•The country’s Performing Managers Index (PMI) hit 56.3 points, the highest reading since April 2018.
•It indicated a sharp improvement in the health of the private sector economy in monthly data released by Stanbic Bank.
Kenya’s private sector performance almost touched a 30-month high in September, exhibiting unexpected resilience despite the effects of Covid-19.
The Performing Managers Index (PMI) hit 56.3 points, the highest reading since April 2018, indicating a sharp improvement in the performance of private sector in monthly data released by Stanbic Bank.
The upturn is attributed to the government’s decision to relax Covid-19 restrictions.
The index rose from 53 in August and marked the third successive expansion since the downturn caused by the COVID-19 outbreak
Readings above 50 points signal an improvement in business conditions on the previous month, while readings below 50.0 show a deterioration.
Jibran Qureishi, head of Africa Research at Stanbic Bank said this will gradually continue to support activity into the end of the year.
"That said, we ought to be cautious around the possibility of a second wave globally that could dampen external demand again," Quresh said.
Customer demand expanded at the sharpest rate since January 2016, leading to a a rise in backlogs.

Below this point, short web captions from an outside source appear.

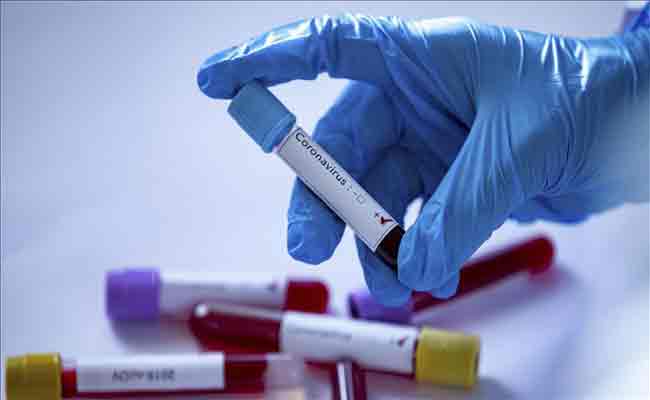 كوفيد 19 :  182 إصابة و 7 وفيات و 118 حالة شفاء خلال الـ24 ساعة الأخيرة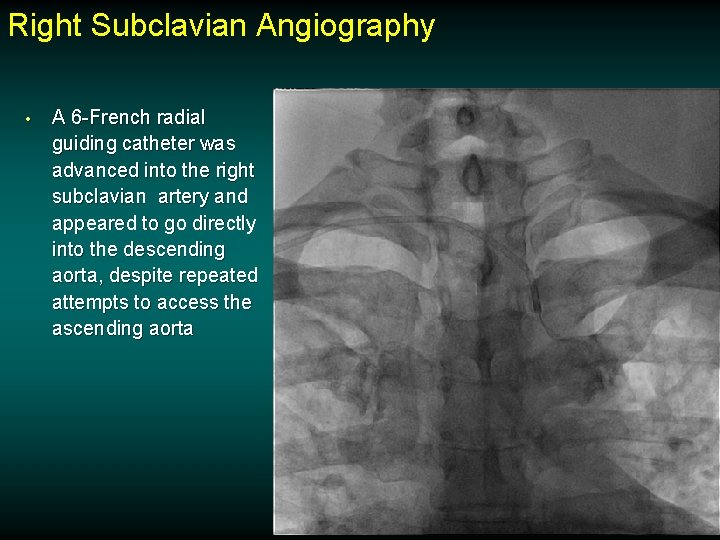 Right Subclavian Angiography • A 6 -French radial guiding catheter was advanced into the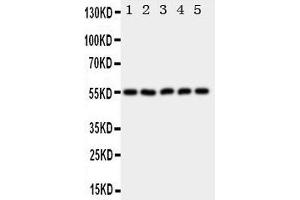 Western Blotting (WB) image for anti-Hyaluronidase-2 (HYAL2) (AA 142-157), (C-Term) antibody (ABIN3043041) (HYAL2 Antikörper  (C-Term))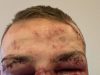 MMA fighters look unrecognisable after savage bloodbath with faces swollen and stitches in eyelids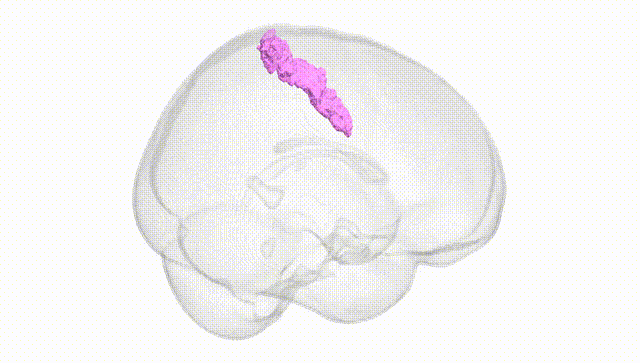 Full Brain White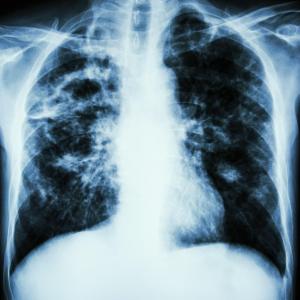 S100A4 predicts mortality in idiopathic pulmonary fibrosis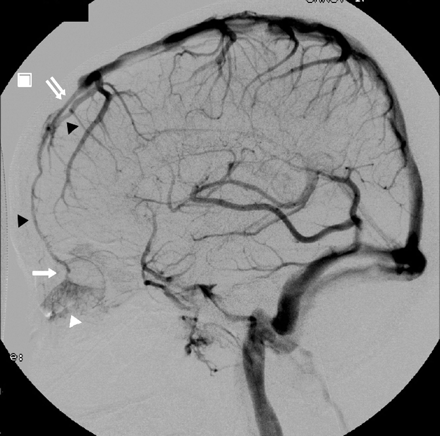 Fig 1.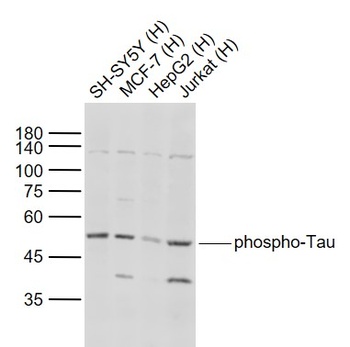 Tau (phospho-Thr217) antibody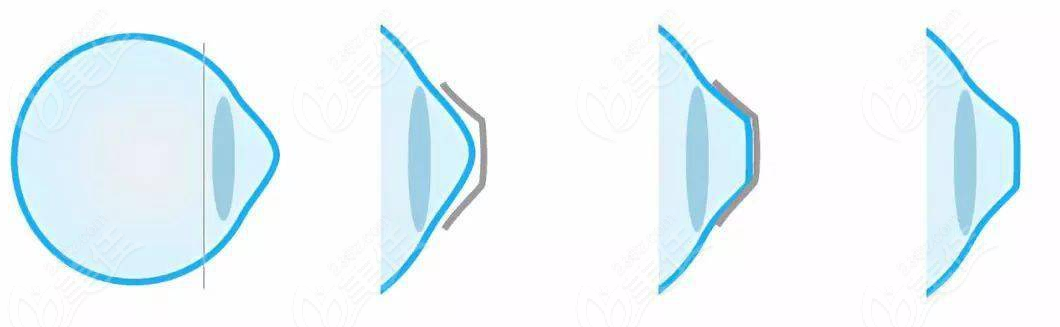 OK镜比rgp控制近视成效好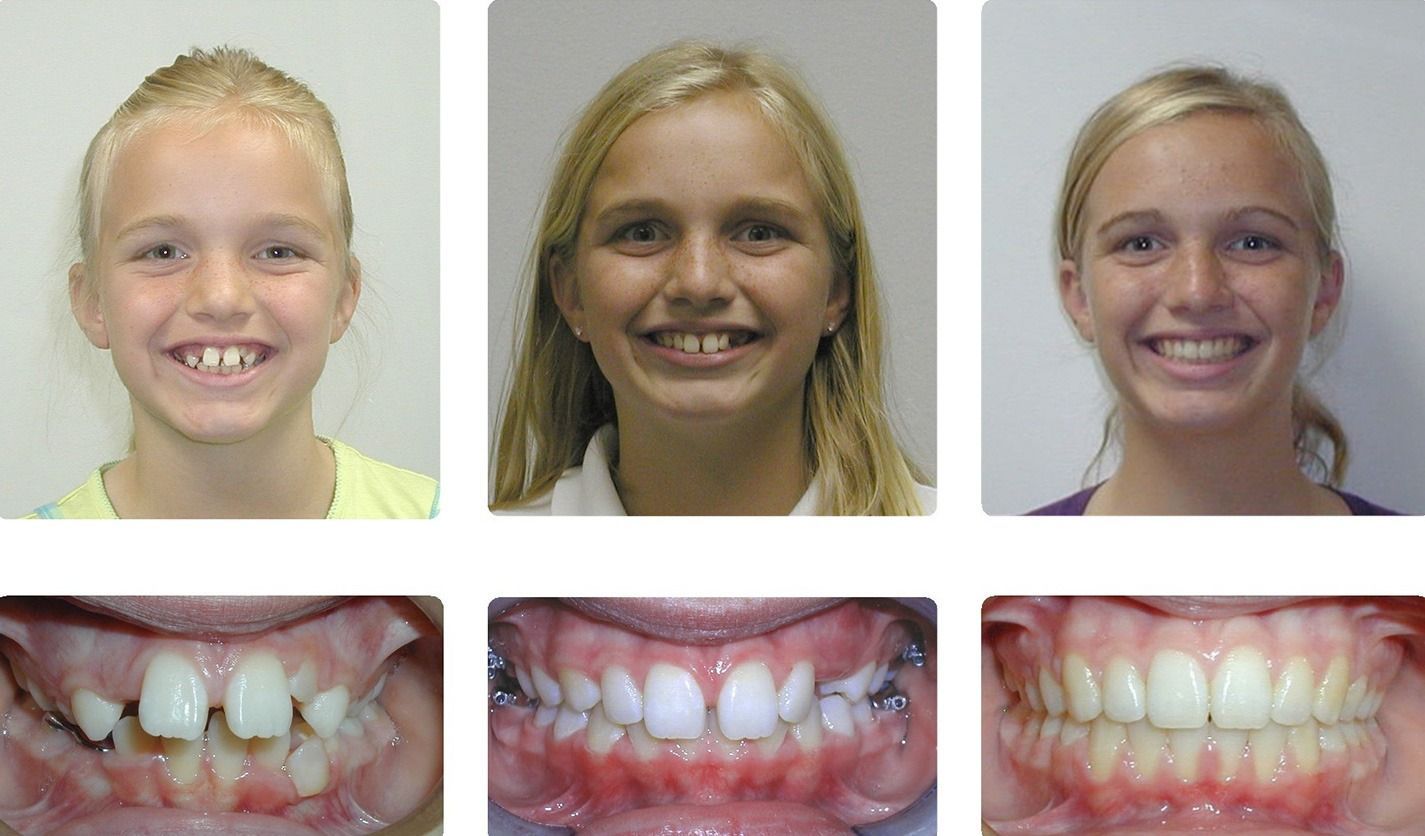 Braces patient before and after two-phase treatment at Brodsky Orthodontics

As a result, job numbers were broadly stable after falling in the six previous months. Nevertheless, future expectations dipped to their lowest since the series began in 2014.
The easing of lockdown restrictions during the third quarter of the year saw firms release pent-up demand as clients largely returned to markets.

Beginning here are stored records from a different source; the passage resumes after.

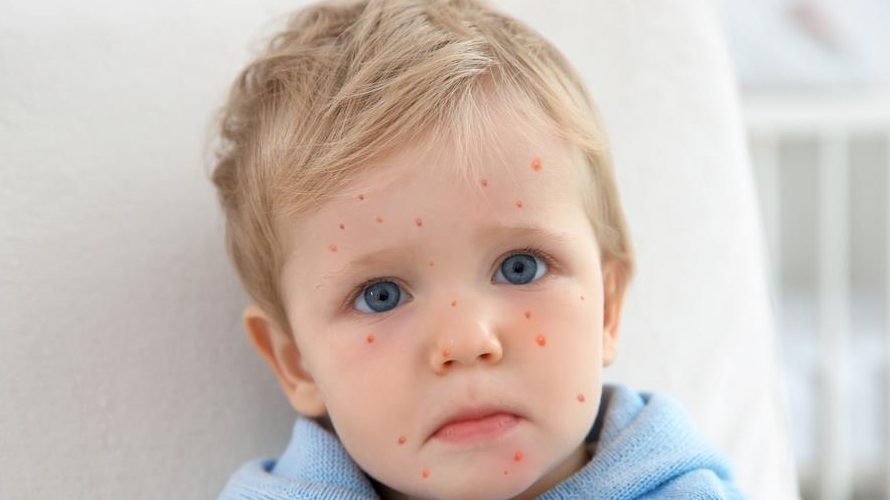 How To Get Rid Of Chicken Pox And Every Thing About Chickenpox
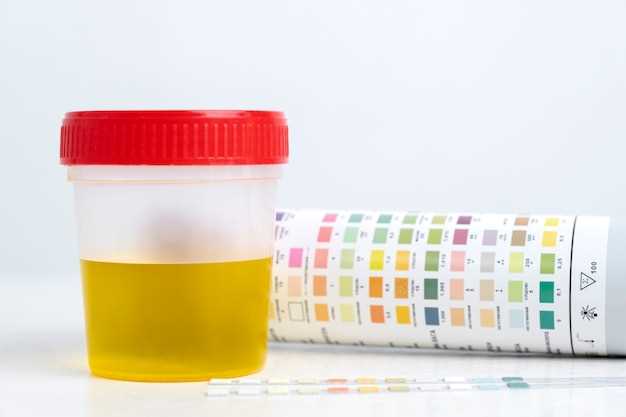 Как правильно сдать анализ на мочевую кислоту?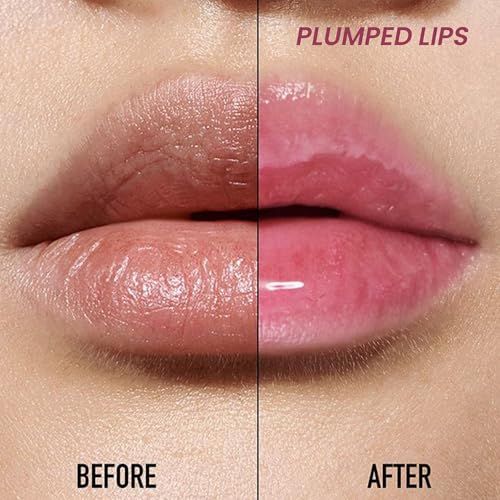 Shopaarel Little Flower Lip Gloss, Lip Gloss, Infused with Real Flower Seed Oil and Fruit Oils, Floral Fragrance, Glossy finish, Long-Lasting, Non-Sticky, Fuller & Plump Lips-8 Gm, Bubble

New orders grew for the third month running, helped by a further increase in foreign orders, particularly from Europe and the Middle East.

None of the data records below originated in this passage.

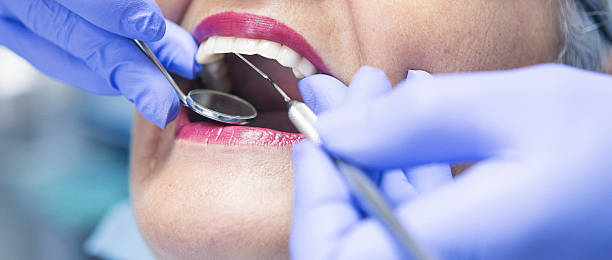 Best Emergency Treatment for Dental Infections or Abscesses in Nicollet, MN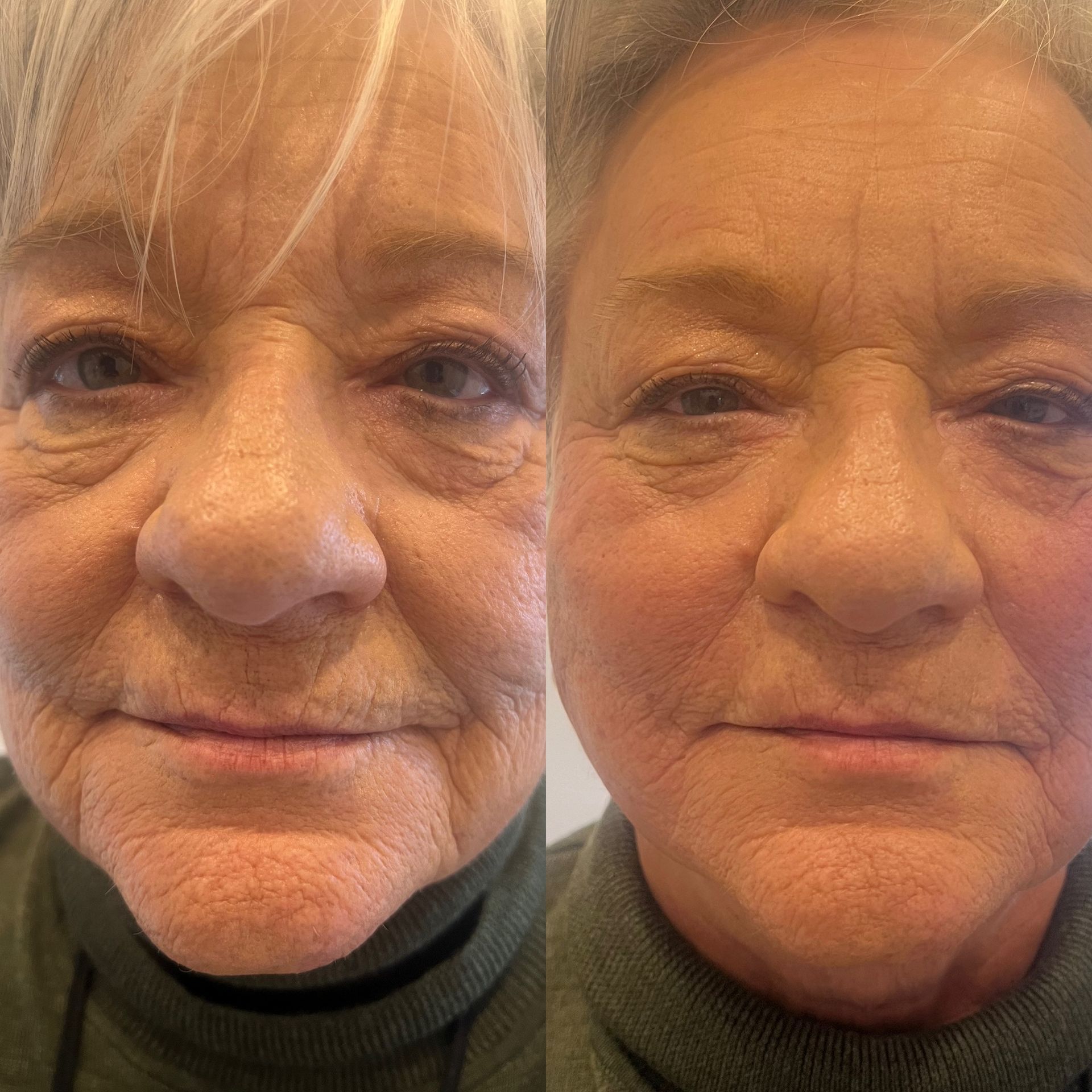PDO Thread Lift Treatment Before & After Results Image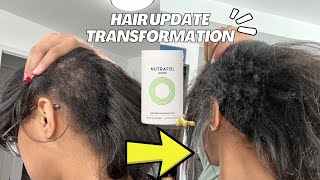 HUGE HAIR Transformation + Hair Loss & CCCA Update (honest Nutrafol review)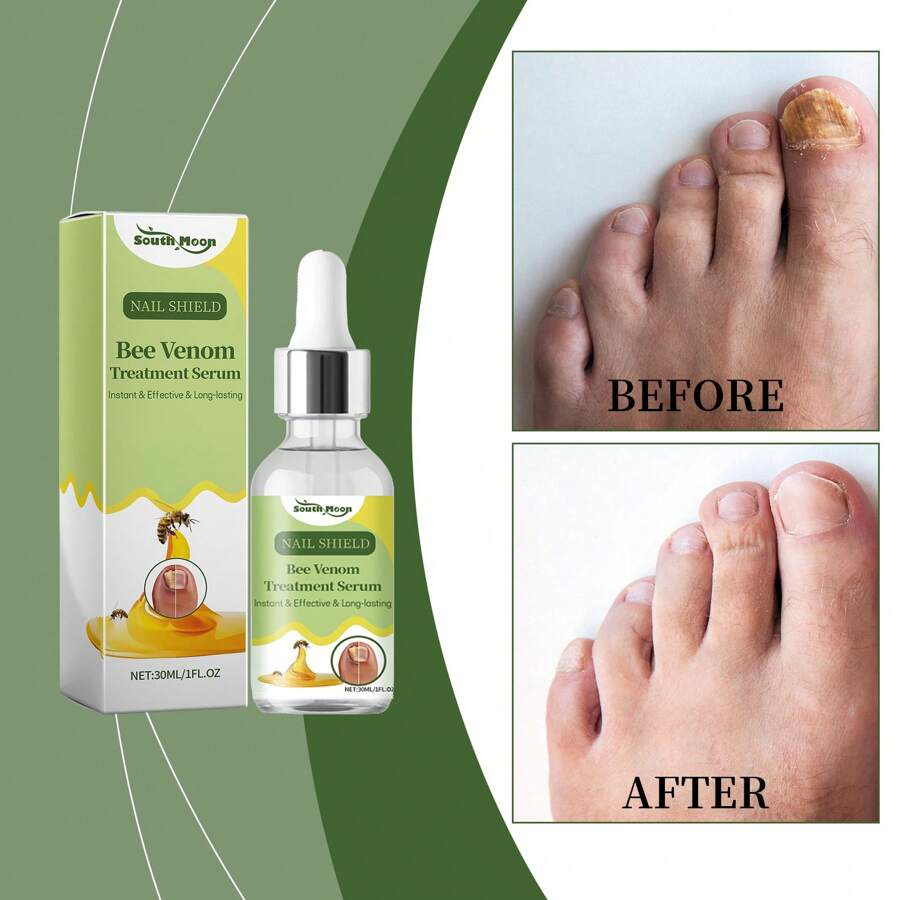 Nail Repair Serum Repairs Damaged, Discolored, Cracked Nails Restores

Nearly 36 per cent of respondents saw higher inflows of new business from the previous month, with many citing a rise in customer demand as Covid-19 infection rates have slowed.
Notably, the rise in total sales was the strongest since January 2016. Subsequently, output levels expanded at a sharp pace in the latest survey period, with companies also steeply increasing the volume of inputs purchased.
Suppliers were able to deliver more quickly for the fourth month in a row, although the rate of improvement was hampered by traffic issues and the short supply of some products.
Rising demand led to a solid uptick in backlogs of work during September, which led some firms to hire new workers. This counteracted job cuts at other firms, amid efforts to reduce expenses.
As such, employment was broadly level during the month, following a six-month run of decline. Input cost inflation softened in September but remained solid overall as firms cited price rises for fuel and commodities, in addition to higher logistics costs.
Firms often passed these costs onto customers, as output charges rose for the third month in a row. Despite stronger growth, companies were less confident about the 12-month outlook in September.
The level of sentiment was the weakest in the series history, with only 27 per cent of panelists expecting output to continue expanding.
Despite plans to raise investment and open into new markets, firms were concerned that the economy could face a further setback from the pandemic.